If the taking a pilot on board was compulsory, and the collision was occasioned by the fault of that pilot, I shall hold the owners of the “Maria” exempt from responsibility, upon general principle without reference to Acts of Parliament, for in that case the … pilot was not their servant, and the maxim qui facit per alium facit per se, does not apply. If, on the contrary, the taking a pilot was voluntary, then he was the servant of the owners, and the owners are responsible, unless the General Pilot Act, which takes away responsibility, applies to a foreign vessel so circumstances, and to cases where it is optional to take a pilot or not.
It was repeated by Dr Lushington in The ‘Annapolis’ at 312 (137):
…But whether the Merchant Shipping Act applies to this case or not, I am of opinion that the owners of the “Annapolis” are exempt from responsibility by reason that the employment of the pilot was compulsory: the pilot was not their servant or agent; they could not avoid entrusting him with the management of the vessel. In the case of The “Maria”…, I have stated at some length my reasons for coming to this conclusion. I believe that the doctrine I then maintained, and now adhere to, is consonant with justice, supported by authority, and is in strict accordance with the principle adopted by the Legislature in the Merchant Shipping Act. I therefore pronounce against the claim brought by the owners of the “Johanna Stoll.”

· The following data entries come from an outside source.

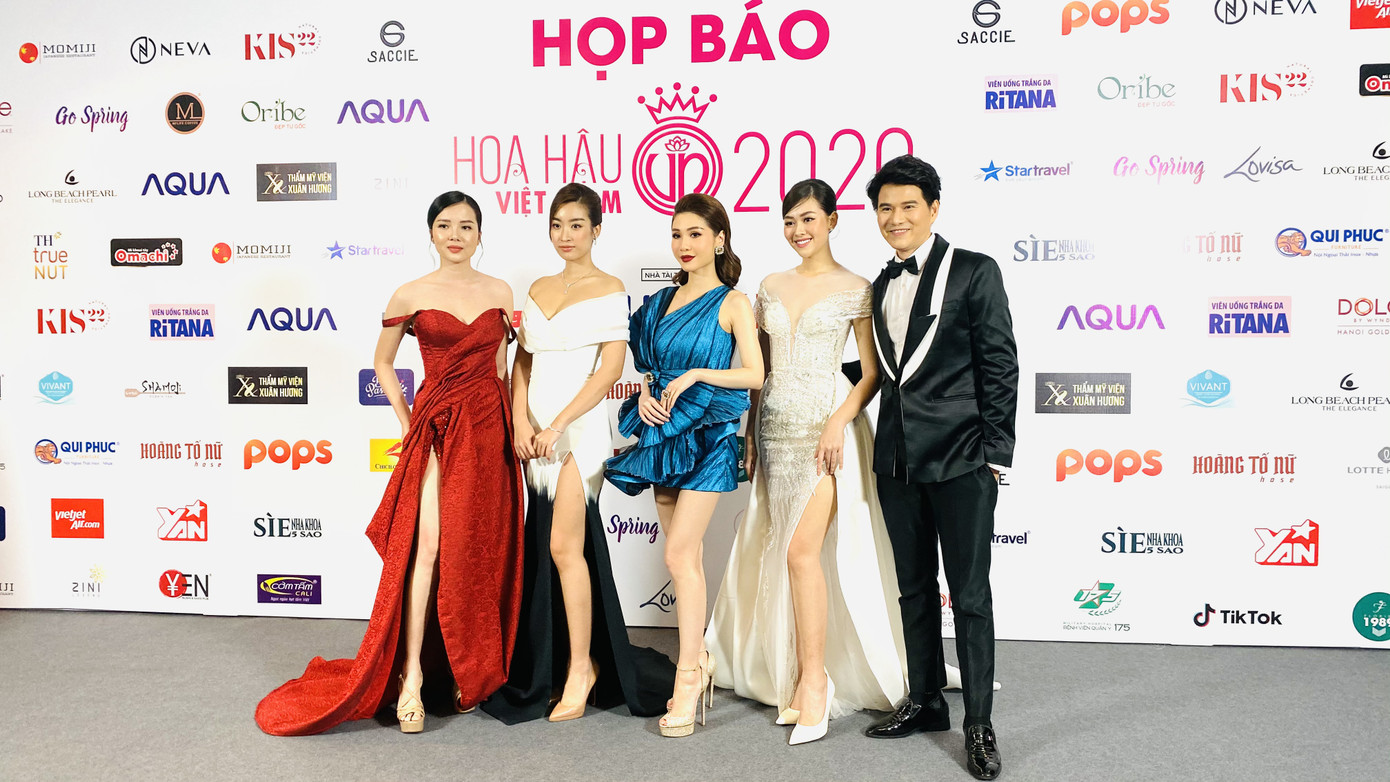 Dàn người đẹp dự họp báo Hoa hậu Việt Nam 2020 'thả tim' trên thảm đỏ ảnh 8
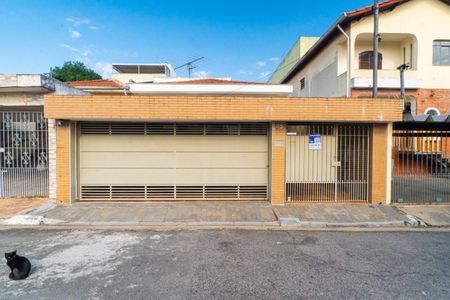 Casa à venda com 144m², 2 quartos e 3 vagas Casa à venda com 144m², 2 quartos e 3 vagasFachada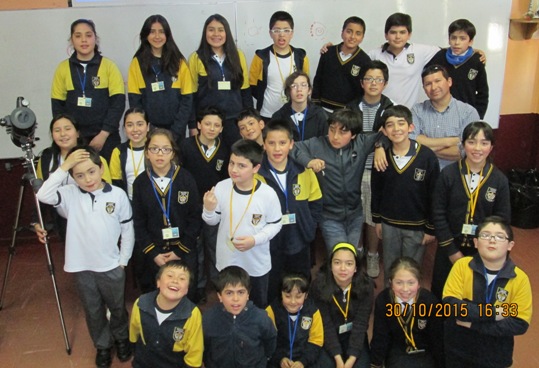 Participantes del Taller junto a Max Hernández
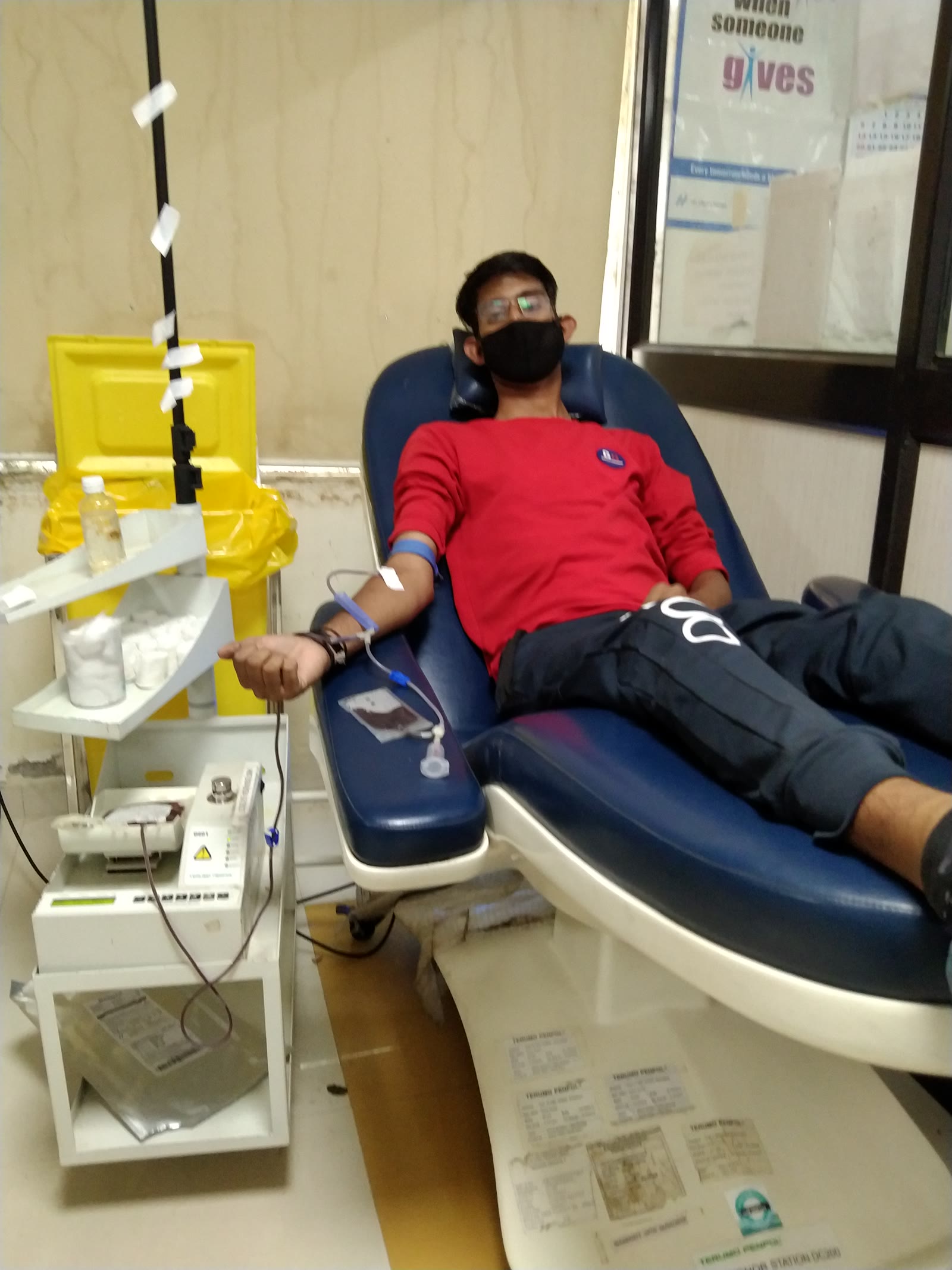 Blood donation event supported by UUF volunteers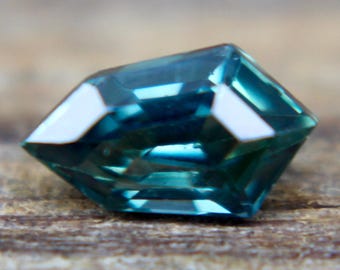 Natural Teal Sapphire | Freeform Cut | 0.98 Carat | 7.75x4.54 mm | Loose Sapphire | Blue Green Sapphire Rings | Jewellery | Gemstones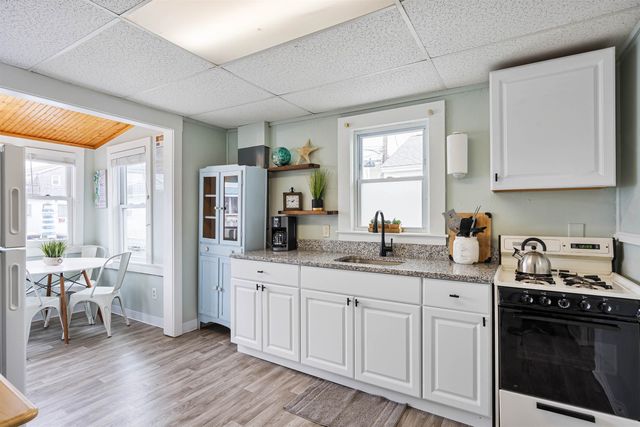 15 Riverview Terrace, Hampton, NH 03842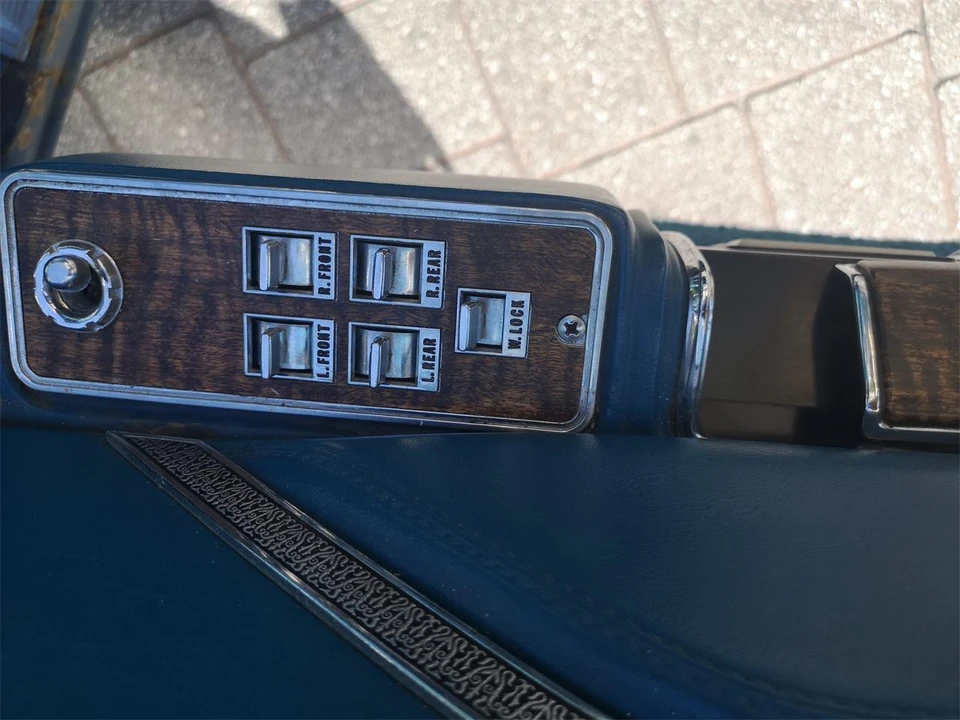 1974 Chrysler New Yorker - Image 8 of 18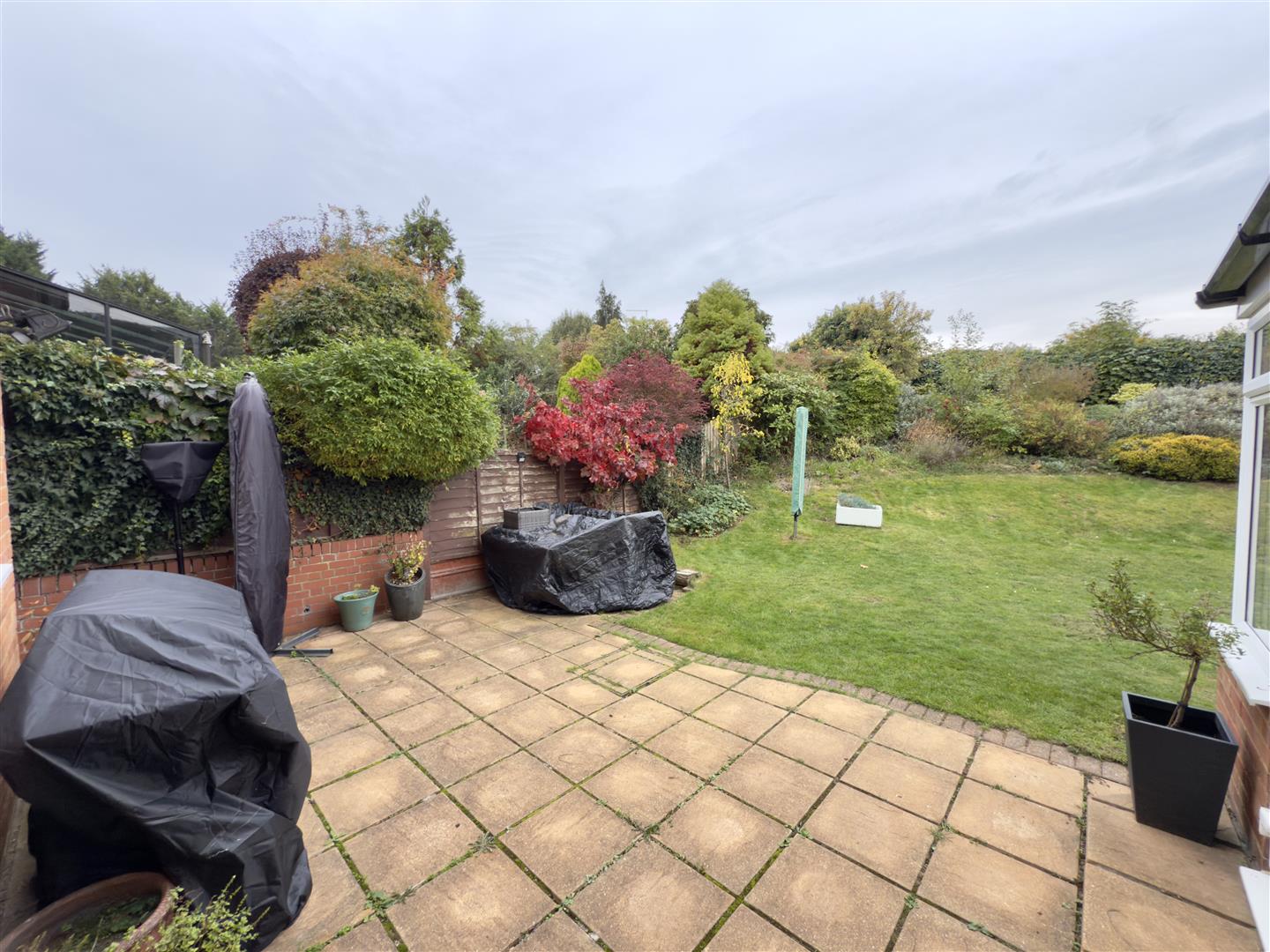 Knighton Close, Duston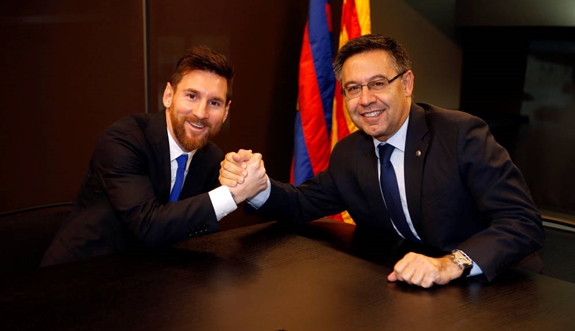 Chủ tịch M.Bartomeu và L.Messi từng có thời “anh em trên bến dưới thuyền”.Ảnh: El Confidencial.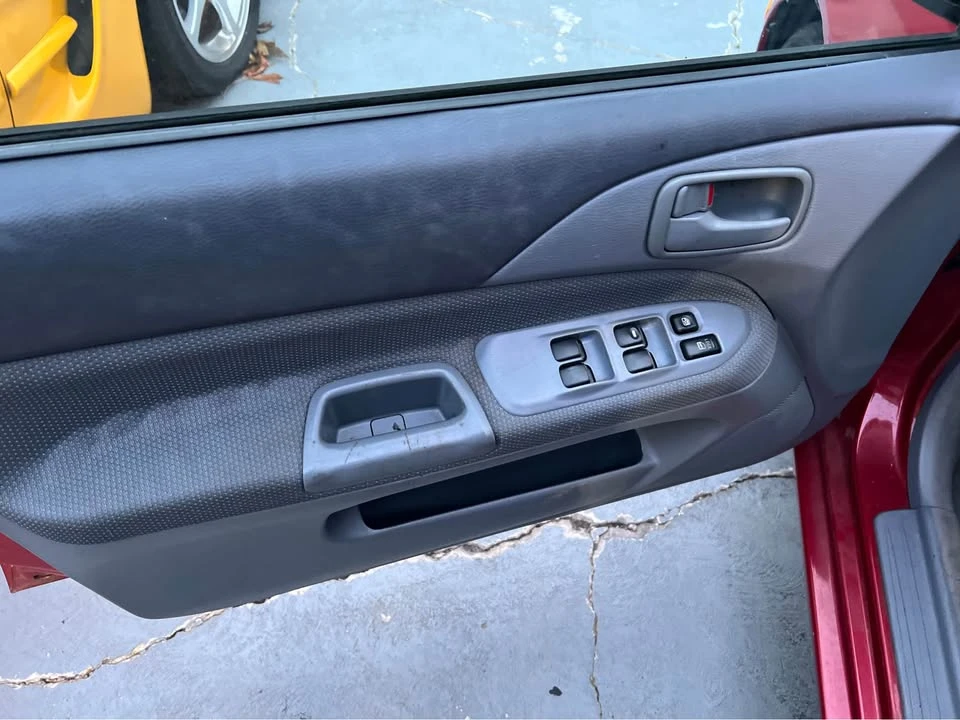 2003 Mitsubishi Lancer 8th Gen - Image 7 of 9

That the relationship of owner to pilot was that of master and servant was made clear in The ‘Beechgrove’ [1916] 1 AC 364. There, a pilot was taken on board one ship off the mouth of the River Clyde outside the compulsory pilotage area, for the inward voyage. The other ship had taken on board a pilot within the River Clyde for the outward voyage. The collision occurred outside the geographical bounds of the compulsory pilotage area while the pilots were in charge of the ships. The House of Lords was clear that the compulsory pilotage defence was unavailable. Lord Atkinson said at 382-83 and 390:
It was held in The Maria that s 55 of the 6 Geo. 4, c 125 which is somewhat similar to s 633 of the Act of 1894, embodied this principle of the common law, that the doctrine of “respondeat superior” cannot apply when the law compels an owner to put and keep in charge of his ship for the purpose of navigating her a person he cannot himself select, and of whose skill and competence he may know nothing. As long as the statutory compulsion operates the person in charge of the ship is not the owner’s servant, and the owner is therefore not responsible for his acts. Thus at common law the basis of the owner’s immunity is the legal compulsion upon him. These two must synchronize in their operation, and are coterminous in their reach. When and where compulsion ceases, immunity ceases, and no agreement, express or implied which the owner or his agent, the master, may make with the pilot can, I think, at common law prolong or renew, as regards third parties, the one or the other. If the owner or his agent, the master, should request or permit the pilot to continue in command of the ship beyond the time he is bound by law to permit him so to do, then the relation between the owner and pilot becomes at common law a contractual relation of service, to which the maxim of “respondeat superior” directly applies.
…
Nor do I find anything inconsistent with the conclusion that in such a case, from the time the ship passed out of the compulsory area, the pilot was no longer a compulsory pilot, but stood to the master and the owners of the ship merely in the relation in which a pilot hired in a non-compulsory area stands to them.
[emphasis added]
In The ‘Eden’ Dr Lushington made clear that the central consideration concerning the liability of owners for damage caused by the ship through faulty navigation of a pilot on board was whether the pilot was there by compulsion or by voluntary engagement. It was insufficient that the pilot was licensed. He must be compulsorily engaged. In The ‘Eden’ the pilot was licensed, but was not on board by compulsion.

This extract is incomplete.